> **TO DO**
Answer with a bare number: the count of lines in the records below that have the word "Power".

SOURCE DATA Block Start

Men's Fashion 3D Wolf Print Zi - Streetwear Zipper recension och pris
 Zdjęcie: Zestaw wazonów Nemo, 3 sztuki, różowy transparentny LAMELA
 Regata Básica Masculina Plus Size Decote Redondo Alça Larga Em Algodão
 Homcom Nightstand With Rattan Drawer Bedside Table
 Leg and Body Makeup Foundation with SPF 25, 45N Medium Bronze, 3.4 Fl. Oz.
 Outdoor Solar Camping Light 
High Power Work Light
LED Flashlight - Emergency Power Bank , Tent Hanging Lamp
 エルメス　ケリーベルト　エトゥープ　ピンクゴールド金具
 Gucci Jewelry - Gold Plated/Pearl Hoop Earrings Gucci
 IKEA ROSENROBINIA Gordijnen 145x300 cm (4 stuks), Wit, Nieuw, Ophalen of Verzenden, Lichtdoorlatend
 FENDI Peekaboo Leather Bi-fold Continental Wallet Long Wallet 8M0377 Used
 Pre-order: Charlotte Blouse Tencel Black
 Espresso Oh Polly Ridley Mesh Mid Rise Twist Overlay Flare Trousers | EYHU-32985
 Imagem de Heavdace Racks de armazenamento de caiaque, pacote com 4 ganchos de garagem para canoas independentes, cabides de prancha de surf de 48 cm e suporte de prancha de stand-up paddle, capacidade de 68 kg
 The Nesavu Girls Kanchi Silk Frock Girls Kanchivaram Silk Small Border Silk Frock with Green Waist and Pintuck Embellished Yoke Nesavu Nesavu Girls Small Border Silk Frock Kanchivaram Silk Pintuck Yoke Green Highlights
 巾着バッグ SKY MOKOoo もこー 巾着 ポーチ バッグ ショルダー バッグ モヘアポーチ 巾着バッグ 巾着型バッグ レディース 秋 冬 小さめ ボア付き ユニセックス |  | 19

SOURCE DATA Block End

> **REPLY TO THE TASK**
2